══ DATA BLOCK
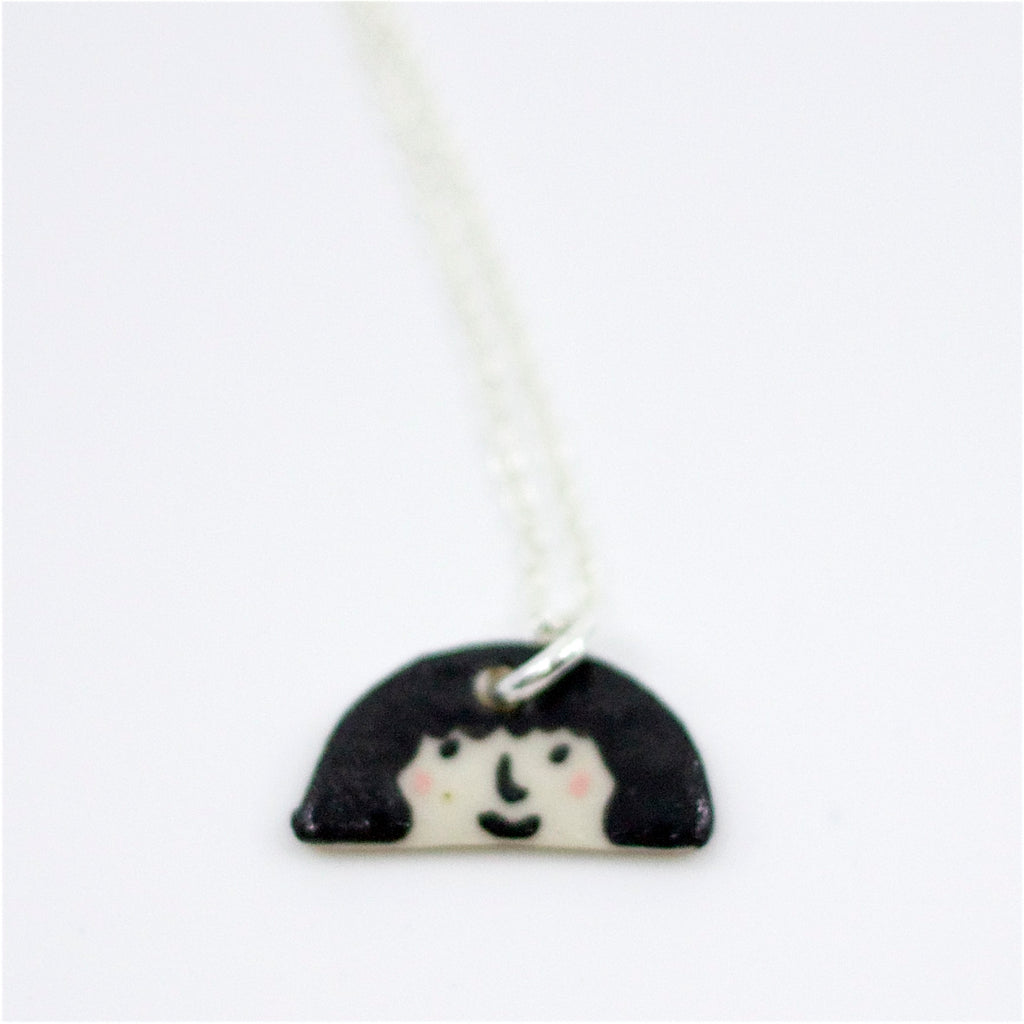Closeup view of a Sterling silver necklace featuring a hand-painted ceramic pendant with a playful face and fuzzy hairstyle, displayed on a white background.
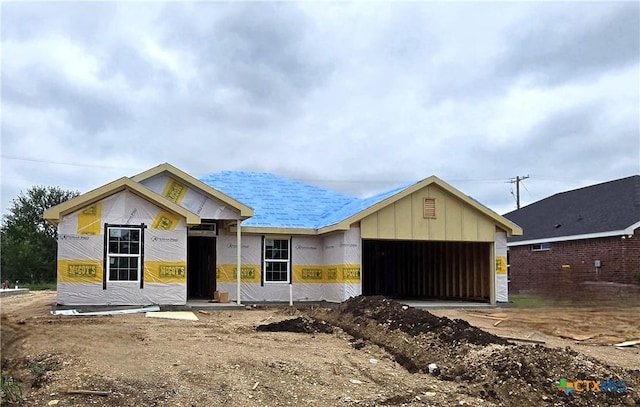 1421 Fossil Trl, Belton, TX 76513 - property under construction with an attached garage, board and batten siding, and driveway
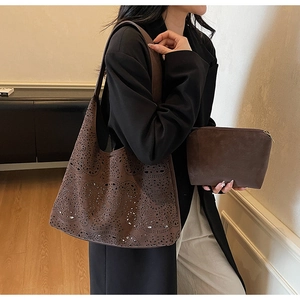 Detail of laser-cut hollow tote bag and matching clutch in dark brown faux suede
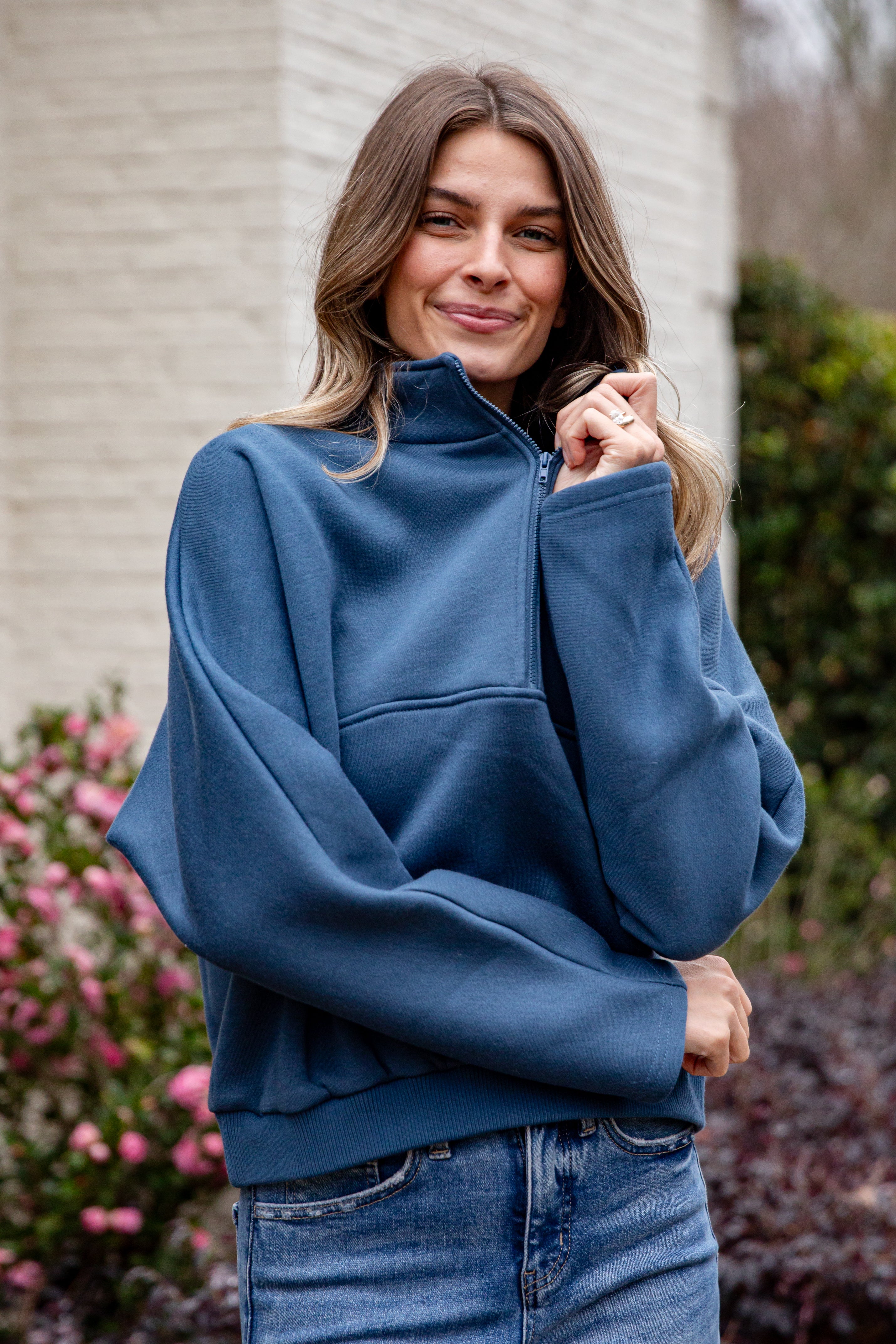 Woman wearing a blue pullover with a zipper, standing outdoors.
════
§ WHAT THE EXERCISE ASKS
The material above is to be output exactly, with each picture left out.

§ RESPONSE BELOW
Closeup view of a Sterling silver necklace featuring a hand-painted ceramic pendant with a playful face and fuzzy hairstyle, displayed on a white background.
 1421 Fossil Trl, Belton, TX 76513 - property under construction with an attached garage, board and batten siding, and driveway
 Detail of laser-cut hollow tote bag and matching clutch in dark brown faux suede
 Woman wearing a blue pullover with a zipper, standing outdoors.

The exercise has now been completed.